Fehlendes Kündigungsrecht als Grund für hohe Verzinsung von AG nicht berücksichtigt

Schließlich setzt sich das Amtsgericht nicht mit dem Grund für eine vergleichsweise hohe Verzinsung im Kontext versi­che­rungs­recht­licher Besonderheiten auseinander. Der in § 193 Abs. 6 VVG geregelte Mechanismus tritt aufgrund der Bedeutung des Kranken­ver­si­che­rungs­schutzes für den Versi­che­rungs­nehmer an die Stelle des sonst bei Zahlungsverzug bestehenden Kündi­gungs­rechts des Versicherers. Dem Versicherer fehlt trotz andauernder Verletzung der Haupt­leis­tungs­pflichten durch den Versi­che­rungs­nehmer die Möglichkeit, sich durch die Ausübung eines Gestal­tungs­rechts vom Vertrag zu lösen.

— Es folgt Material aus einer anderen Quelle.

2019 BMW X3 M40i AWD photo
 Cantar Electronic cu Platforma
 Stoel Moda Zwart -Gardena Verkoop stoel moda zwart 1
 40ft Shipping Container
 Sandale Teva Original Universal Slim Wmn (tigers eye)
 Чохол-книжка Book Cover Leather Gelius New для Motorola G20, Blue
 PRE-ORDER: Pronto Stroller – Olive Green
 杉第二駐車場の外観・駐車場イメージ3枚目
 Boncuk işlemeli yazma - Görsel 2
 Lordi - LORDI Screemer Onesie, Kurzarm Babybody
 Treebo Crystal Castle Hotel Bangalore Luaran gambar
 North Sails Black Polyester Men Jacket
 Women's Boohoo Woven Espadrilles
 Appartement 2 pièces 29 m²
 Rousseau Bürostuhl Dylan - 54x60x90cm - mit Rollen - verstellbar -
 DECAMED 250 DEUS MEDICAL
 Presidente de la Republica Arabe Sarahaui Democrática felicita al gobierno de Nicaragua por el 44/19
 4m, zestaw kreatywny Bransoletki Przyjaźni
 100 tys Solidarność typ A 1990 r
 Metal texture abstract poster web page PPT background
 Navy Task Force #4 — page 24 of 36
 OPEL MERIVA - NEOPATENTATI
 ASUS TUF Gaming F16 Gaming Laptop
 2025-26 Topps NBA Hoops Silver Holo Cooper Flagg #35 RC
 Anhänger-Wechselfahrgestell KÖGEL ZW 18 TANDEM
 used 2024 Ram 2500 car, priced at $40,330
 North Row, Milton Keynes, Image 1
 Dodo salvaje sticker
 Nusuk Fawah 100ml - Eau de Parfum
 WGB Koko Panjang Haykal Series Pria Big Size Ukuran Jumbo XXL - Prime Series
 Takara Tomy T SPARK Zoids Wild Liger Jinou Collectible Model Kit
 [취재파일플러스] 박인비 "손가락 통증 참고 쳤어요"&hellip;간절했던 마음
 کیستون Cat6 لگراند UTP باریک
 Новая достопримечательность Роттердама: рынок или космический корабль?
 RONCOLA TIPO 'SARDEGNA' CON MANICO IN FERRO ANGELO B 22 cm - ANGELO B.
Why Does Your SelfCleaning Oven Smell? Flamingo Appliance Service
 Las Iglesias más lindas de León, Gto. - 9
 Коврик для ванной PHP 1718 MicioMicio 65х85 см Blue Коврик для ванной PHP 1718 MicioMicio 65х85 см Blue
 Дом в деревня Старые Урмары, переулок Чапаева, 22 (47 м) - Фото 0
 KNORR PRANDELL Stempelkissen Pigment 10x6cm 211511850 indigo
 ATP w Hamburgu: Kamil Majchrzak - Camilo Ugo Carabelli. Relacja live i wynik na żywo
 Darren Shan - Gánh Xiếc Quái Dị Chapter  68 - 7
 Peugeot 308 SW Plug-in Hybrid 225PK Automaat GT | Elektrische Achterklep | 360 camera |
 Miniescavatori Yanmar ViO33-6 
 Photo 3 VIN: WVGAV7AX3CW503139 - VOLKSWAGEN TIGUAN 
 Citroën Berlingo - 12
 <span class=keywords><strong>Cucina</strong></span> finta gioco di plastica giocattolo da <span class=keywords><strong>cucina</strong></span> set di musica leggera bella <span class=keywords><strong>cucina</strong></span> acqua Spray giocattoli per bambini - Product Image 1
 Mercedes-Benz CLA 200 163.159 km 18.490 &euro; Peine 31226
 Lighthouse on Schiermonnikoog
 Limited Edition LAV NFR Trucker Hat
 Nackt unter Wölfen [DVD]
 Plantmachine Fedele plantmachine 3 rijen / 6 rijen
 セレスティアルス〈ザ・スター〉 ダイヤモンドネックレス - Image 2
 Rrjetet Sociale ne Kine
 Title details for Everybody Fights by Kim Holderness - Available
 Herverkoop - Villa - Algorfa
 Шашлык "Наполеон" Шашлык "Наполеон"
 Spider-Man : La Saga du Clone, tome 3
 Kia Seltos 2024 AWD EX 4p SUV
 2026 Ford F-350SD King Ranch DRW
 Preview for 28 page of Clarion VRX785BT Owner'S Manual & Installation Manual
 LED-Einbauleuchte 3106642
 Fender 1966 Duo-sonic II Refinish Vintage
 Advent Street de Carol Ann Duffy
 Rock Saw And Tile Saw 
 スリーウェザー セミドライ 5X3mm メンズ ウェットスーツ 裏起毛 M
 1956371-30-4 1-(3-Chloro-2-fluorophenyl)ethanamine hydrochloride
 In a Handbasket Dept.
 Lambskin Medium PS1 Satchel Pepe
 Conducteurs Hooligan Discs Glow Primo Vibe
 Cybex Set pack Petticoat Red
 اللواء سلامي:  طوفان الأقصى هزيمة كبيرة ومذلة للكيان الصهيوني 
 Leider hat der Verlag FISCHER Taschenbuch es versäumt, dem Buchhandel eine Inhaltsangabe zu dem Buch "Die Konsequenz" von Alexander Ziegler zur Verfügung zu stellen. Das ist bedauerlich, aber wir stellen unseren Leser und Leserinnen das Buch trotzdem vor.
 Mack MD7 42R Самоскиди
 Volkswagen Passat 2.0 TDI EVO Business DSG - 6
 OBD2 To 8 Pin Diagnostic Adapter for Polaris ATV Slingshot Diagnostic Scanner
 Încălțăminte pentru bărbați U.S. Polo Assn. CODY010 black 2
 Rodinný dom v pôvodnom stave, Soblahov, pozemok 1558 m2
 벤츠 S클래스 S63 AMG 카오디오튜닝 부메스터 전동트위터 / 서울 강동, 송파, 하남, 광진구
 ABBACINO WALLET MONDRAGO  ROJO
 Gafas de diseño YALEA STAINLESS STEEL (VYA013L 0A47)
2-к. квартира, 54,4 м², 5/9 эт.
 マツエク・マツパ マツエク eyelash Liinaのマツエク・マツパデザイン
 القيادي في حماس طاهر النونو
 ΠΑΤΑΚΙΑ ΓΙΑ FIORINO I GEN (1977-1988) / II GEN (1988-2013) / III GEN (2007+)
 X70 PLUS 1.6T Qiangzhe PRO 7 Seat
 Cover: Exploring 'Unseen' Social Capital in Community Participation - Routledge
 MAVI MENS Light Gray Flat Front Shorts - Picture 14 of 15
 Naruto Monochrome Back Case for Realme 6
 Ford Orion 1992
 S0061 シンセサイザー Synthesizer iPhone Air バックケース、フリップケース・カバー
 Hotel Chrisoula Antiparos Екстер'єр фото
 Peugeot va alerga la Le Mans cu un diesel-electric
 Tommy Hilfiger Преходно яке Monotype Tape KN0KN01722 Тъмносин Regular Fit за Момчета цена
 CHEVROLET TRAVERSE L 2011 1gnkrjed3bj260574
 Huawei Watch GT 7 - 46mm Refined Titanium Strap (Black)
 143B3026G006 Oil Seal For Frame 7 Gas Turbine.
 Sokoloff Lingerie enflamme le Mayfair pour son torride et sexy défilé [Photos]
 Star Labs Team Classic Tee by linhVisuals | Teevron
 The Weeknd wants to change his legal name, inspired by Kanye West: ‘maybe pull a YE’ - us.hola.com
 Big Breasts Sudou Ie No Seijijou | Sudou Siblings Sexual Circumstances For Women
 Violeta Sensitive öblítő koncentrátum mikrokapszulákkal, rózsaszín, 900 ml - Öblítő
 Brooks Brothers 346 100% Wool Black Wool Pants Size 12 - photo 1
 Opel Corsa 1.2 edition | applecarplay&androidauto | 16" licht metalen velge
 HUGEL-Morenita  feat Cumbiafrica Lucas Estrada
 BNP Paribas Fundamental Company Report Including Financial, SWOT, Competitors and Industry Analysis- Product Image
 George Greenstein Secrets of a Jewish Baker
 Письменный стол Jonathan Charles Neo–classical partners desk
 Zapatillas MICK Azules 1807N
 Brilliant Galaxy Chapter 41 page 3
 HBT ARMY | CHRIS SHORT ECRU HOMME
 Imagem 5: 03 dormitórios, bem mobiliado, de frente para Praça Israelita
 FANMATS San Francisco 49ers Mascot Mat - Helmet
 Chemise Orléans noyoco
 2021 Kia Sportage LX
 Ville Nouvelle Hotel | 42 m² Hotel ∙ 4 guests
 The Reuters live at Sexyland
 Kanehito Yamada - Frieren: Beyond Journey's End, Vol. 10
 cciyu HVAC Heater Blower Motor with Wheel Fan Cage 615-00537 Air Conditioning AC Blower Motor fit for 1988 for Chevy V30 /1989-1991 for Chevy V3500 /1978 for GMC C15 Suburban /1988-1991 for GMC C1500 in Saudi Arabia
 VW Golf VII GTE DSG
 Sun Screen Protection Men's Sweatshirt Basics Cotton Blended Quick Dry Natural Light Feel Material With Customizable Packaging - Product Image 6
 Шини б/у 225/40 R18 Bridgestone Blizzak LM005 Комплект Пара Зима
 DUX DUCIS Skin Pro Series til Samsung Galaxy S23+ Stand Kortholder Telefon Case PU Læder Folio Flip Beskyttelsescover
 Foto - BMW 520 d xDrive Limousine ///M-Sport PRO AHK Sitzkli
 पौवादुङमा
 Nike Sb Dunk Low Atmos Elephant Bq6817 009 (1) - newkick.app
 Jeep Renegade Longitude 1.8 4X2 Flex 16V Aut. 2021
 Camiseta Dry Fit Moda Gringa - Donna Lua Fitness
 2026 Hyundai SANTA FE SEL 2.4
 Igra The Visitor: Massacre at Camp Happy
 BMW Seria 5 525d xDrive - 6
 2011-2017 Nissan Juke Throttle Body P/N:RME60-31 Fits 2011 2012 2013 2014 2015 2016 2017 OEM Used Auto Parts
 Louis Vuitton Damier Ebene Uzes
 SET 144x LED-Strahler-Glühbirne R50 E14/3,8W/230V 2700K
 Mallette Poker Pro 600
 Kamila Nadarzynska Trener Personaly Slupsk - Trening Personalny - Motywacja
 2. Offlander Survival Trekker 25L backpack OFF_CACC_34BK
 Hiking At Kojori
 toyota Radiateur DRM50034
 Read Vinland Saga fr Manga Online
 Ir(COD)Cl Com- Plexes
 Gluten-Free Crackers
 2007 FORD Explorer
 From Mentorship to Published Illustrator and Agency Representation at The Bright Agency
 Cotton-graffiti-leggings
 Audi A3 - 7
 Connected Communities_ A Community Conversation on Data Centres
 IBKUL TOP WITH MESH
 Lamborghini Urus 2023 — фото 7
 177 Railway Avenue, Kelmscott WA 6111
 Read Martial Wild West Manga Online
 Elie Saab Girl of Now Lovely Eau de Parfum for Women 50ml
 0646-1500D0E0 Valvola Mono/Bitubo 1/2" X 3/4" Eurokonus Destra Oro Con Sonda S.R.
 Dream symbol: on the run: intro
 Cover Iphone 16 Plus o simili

Er muss stattdessen den Versi­che­rungs­vertrag im Notlagentarif fortsetzen und weitere Leistungen erbringen, weshalb es für ihn und letztlich die gesamte Versi­cher­ten­ge­mein­schaft von gesteigertem Interesse ist, den Versi­che­rungs­nehmer zu der Erfüllung seiner Pflichten anzuhalten.